-------- Data provided
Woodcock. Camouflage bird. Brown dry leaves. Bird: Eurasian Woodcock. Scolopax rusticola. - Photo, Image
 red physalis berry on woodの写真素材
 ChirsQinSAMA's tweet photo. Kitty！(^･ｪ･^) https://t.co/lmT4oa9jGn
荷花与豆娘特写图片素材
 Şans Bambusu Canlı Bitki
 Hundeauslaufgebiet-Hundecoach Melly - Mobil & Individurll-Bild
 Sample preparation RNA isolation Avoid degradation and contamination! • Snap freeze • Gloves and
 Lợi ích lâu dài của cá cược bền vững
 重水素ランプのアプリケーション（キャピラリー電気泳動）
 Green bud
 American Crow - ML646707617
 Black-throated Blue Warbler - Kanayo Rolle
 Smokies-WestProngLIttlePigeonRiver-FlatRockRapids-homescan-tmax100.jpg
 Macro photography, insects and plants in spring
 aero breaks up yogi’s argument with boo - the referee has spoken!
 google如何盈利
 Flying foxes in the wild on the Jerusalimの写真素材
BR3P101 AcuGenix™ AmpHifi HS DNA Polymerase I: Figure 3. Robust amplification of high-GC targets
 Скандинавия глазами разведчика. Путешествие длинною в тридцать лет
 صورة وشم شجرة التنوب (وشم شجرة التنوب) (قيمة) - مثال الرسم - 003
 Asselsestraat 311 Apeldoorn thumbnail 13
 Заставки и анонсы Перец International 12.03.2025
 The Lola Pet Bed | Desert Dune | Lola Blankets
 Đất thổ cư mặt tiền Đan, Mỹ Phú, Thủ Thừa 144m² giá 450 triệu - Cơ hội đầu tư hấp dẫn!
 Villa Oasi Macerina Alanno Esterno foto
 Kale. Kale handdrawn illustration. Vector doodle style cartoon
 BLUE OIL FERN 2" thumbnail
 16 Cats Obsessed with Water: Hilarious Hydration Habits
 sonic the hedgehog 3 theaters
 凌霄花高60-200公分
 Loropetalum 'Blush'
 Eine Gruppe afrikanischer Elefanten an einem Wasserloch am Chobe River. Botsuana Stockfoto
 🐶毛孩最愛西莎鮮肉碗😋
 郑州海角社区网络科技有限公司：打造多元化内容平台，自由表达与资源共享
----------------
(Requirement): Reproduce every entry, word for word.

(Result of the exercise):
Woodcock. Camouflage bird. Brown dry leaves. Bird: Eurasian Woodcock. Scolopax rusticola. - Photo, Image
 red physalis berry on woodの写真素材
 ChirsQinSAMA's tweet photo. Kitty！(^･ｪ･^) https://t.co/lmT4oa9jGn
荷花与豆娘特写图片素材
 Şans Bambusu Canlı Bitki
 Hundeauslaufgebiet-Hundecoach Melly - Mobil & Individurll-Bild
 Sample preparation RNA isolation Avoid degradation and contamination! • Snap freeze • Gloves and
 Lợi ích lâu dài của cá cược bền vững
 重水素ランプのアプリケーション（キャピラリー電気泳動）
 Green bud
 American Crow - ML646707617
 Black-throated Blue Warbler - Kanayo Rolle
 Smokies-WestProngLIttlePigeonRiver-FlatRockRapids-homescan-tmax100.jpg
 Macro photography, insects and plants in spring
 aero breaks up yogi’s argument with boo - the referee has spoken!
 google如何盈利
 Flying foxes in the wild on the Jerusalimの写真素材
BR3P101 AcuGenix™ AmpHifi HS DNA Polymerase I: Figure 3. Robust amplification of high-GC targets
 Скандинавия глазами разведчика. Путешествие длинною в тридцать лет
 صورة وشم شجرة التنوب (وشم شجرة التنوب) (قيمة) - مثال الرسم - 003
 Asselsestraat 311 Apeldoorn thumbnail 13
 Заставки и анонсы Перец International 12.03.2025
 The Lola Pet Bed | Desert Dune | Lola Blankets
 Đất thổ cư mặt tiền Đan, Mỹ Phú, Thủ Thừa 144m² giá 450 triệu - Cơ hội đầu tư hấp dẫn!
 Villa Oasi Macerina Alanno Esterno foto
 Kale. Kale handdrawn illustration. Vector doodle style cartoon
 BLUE OIL FERN 2" thumbnail
 16 Cats Obsessed with Water: Hilarious Hydration Habits
 sonic the hedgehog 3 theaters
 凌霄花高60-200公分
 Loropetalum 'Blush'
 Eine Gruppe afrikanischer Elefanten an einem Wasserloch am Chobe River. Botsuana Stockfoto
 🐶毛孩最愛西莎鮮肉碗😋
 郑州海角社区网络科技有限公司：打造多元化内容平台，自由表达与资源共享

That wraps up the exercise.